Flexibilité de la demande.

La flexibilité de la demande consiste à couper le courant à de gros consommateurs d'électricité quand on à un manque de production. C'est ce qu'on appelle aussi la capacité d'effacement. Les industriels concernés ont signé avec leur fournisseur d'électricité un contrat qui l'autorise à couper le courant quand c'est nécessaire. Cela ne sera pas sans conséquence sur la production et sur les salariés concernés qui seront au chômage technique. Ce type de contrat existe déjà, même pour des particuliers (EJP ou Effacement Jours de Pointe).

La valeur proposée dans ce scénario est de 15 GW, soit l'équivalent d'environ 15 réacteurs nucléaires, c'est dire que la sécurité d'approvisionnement électrique dans ce scénario sera faible.

Vehicle-to-grid

 Le V2G (Vehicle-to-grid) désigne un système où des véhicules électriques en stationnement et branchés sur leur chargeur peuvent aussi redistribuer leur énergie électrique dans le réseau en cas de besoin, alimentant ainsi le domicile du propriétaire et lui faisant gagner de l’argent. Encore une fois le chiffre de 3 est exprimé en GW, alors qu'on attendrait des TWh de capacité de stockage.
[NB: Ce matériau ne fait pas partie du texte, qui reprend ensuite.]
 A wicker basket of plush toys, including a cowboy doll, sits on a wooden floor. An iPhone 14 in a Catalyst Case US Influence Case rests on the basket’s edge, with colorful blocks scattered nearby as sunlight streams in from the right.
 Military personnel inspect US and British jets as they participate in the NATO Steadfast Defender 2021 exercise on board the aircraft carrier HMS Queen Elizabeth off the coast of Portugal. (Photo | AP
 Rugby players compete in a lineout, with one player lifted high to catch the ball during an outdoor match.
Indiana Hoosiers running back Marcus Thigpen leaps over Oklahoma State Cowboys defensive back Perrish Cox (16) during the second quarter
Evidemment, cela ne fonctionne que lorsque vous n'utilisez pas votre voiture électrique, et que vous la mettiez à charger de préférence le jour quand il y a du soleil pour avoir de l'électricité la nuit. Pourquoi, pas, le principe me parait une bonne idée.

STEP

Les Stations de Transfert d'énergie par Pompage sont des installations qui équipent certains barrages afin d'utiliser l'électricité excédentaire. Le principe des STEP est à ce jour le meilleur moyen de stocker en masse avec un bon rendement (70%) de grosses quantités d'électricité.
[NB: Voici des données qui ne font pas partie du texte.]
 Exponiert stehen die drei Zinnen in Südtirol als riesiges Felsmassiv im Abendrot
 À ce jour, nous avons en France 6 unités de pompage, pour une puissance installée de 4,8 GW, qui ont produit en 2020 4,3 TWh d’énergie, soit moins de 1% de la production hydraulique en France et un facteur de charge de l'ordre de 10%.

S’il n’y a pratiquement plus aucun site permettant la construction de nouveaux barrages en France, il est toutefois encore possible d’installer des stations de pompage sur quelques barrages existants. L’objectif dans ce scénario est de monter cette capacité à 8 GW, par 4 ou 5 stations supplémentaires à construire on ne sait où.
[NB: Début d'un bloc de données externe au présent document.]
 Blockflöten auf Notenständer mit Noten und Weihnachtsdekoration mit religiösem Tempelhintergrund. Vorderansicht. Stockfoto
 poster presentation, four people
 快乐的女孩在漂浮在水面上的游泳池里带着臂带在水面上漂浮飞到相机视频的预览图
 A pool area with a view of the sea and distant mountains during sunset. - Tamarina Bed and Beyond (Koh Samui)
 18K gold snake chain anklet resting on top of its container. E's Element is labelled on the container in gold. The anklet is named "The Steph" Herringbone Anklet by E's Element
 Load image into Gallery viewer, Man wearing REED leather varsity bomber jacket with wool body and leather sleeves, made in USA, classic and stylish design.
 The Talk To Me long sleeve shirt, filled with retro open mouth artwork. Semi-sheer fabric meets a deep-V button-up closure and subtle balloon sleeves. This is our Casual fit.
Nouveau thermique décarboné (rectificatif du 8/11/2021)

J'ai trouvé dans le chapitre 4.5.3 quelques informations à ce sujet. Comment pourrait-on produire de l'électricité à partir d'un  combustible, quel qu’il soit sans émettre de CO2 ?  Quelques possibilité sont évoquées  :

  • La première est la combustion de l'hydrogène qui ne produit effectivement que de l'eau. Mais l'hydrogène n'est pas un combustible que l'on peut extraire de la nature comme le gaz naturel. Il faut le produire, et cela demande beaucoup d'énergie, de préférence électrique et décarbonée pour faire l'électrolyse de l'eau. Ce serait donc un non-sens absolu de brûler de l’hydrogène chèrement produit dans une centrale thermique pour produire de l'électricité. En fait, cela n'a de sens que pour de besoins de mobilité comme un véhicule équipé une pile à combustible ou d'un avion à hydrogène, mais ce n'est pas ce qui est visé dans ce scénario.

  • La seconde serait la combustion de gaz fossile dans une centrale qui serait équipée d'un système de captation et de stockage du CO2 émis (et autres déchets). Des recherches existent dans ce sens, mais là on parle d'une puissance de 29 GW, soit l'équivalent de la moitié de la puissance des 56 réacteurs nucléaires français actuels. De mon point de vue, on est là en pleine science-fiction.
  • Il est évoqué aussi la possibilité de brûler du biogaz ou du méthane de synthèse, mais rien de convaincant, et ces combustibles seraient mieux utilisés pour produire directement de la chaleur, et non de l'électricité.
Il n'est reste pas moins que le rapport RTE fait mention à plusieurs reprises de cette technologie improbable, comme étant indispensable dans le mix électrique décarboné de ces différents scénarios.

Batteries 

J'ai déjà parlé des batteries dans mon article sur le stockage.  Dans ce scénario, on donne un chiffre de 26 GW, ce qui une fois encore ne renseigne pas sur la capacité d'électricité stockée. On est encore réduit à des conjectures sur la durée du stockage : combien d'heures, de jours sont-ils nécessaires ?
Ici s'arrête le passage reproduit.